But True D one-man band Nic Pizzolatto — who plays showrunner and writes every episode by himself — has some news: Limited series can be brutal. Speaking at the Banff World Media Festival this week, Pizzolatto said:

Every season, I’m essentially creating a brand new TV show. It can’t have any growing pains like a regular first season. If it works it has to work right out of the box. That’s incredibly exhausting. I mean, the job is exhausting to begin with, but it’s doubly exhausting and I’m writing every episode. I can’t imagine I would do this more than three years. I mean, I’d like to have a regular TV show. We’ll have some fixed sets, regular actors and I could bring in people to help and I don’t have to be there every second. It’d be great.

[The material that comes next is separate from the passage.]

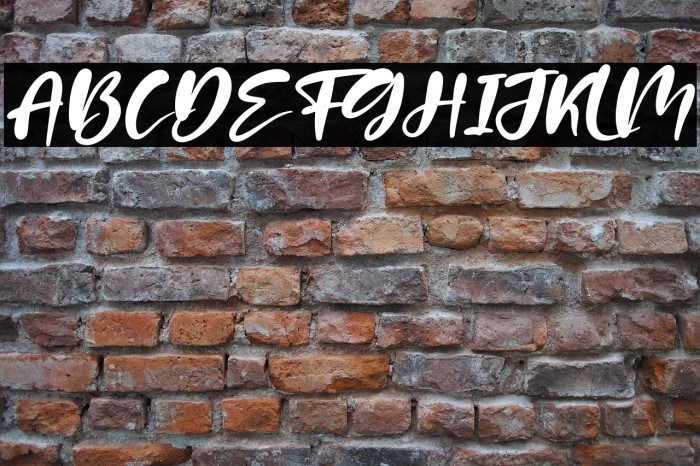 Patria Vista Italic Example 1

We need to start preparing ourselves for just three seasons of True D, then? OK. That’s all right. Maybe. But could we get some concrete info about Season 2 in the meantime, just to distract ourselves from the preemptive grief?

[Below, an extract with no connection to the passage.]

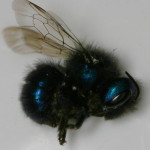 Osmia, a species of mason bee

“Literally, not a single rumour about casting that has been printed anywhere has any truth to it whatsoever,” Pizzolatto said. “There’s me and two other guys and they don’t even know what I’m doing … We haven’t cast anybody. I have a secret list and that’s it.”

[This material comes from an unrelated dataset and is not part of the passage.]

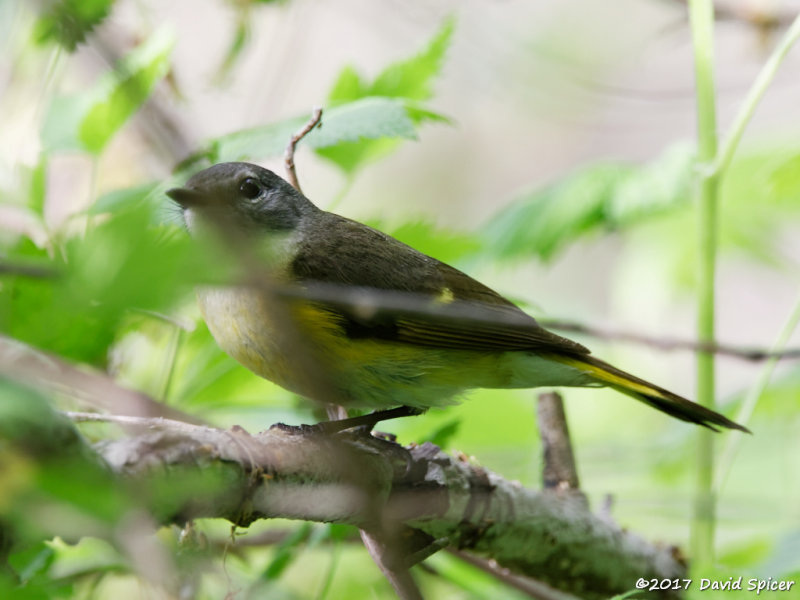 American Redstart (female or first year male)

Oh. Season 2 is still definitely going to be led by female detectives, at least? “Again, it’s a rumour with no basis in fact. There is a strong [lead] female character. But I wouldn’t say it is female-led or anything like that.” Meaning we’re Jon Snow; we know nothing.

The Banff report does have one nugget to get the #truedetectiveseason2 hashtag firing again: There’ll be four main characters. Dig up images of your favorite quartets, stat. While we’re talking about hashtags, though, Pizzolatto isn’t exactly impressed with how True Detective took over the Internet earlier this year. “On one hand, it’s great to see the show engage people and it was meant to engage a viewer on multiple, multiple levels,” he said, adding that he avoided most of the Internet buzz. “On the other hand, I think there is subsets of internet people who had their own agendas with regards to speculation on the show. A lot of times people were trying to get clicks on their website. And there is a difference between engaging in a show and hijacking it.”

Will you believe us if we just tell you we love your show, Nic?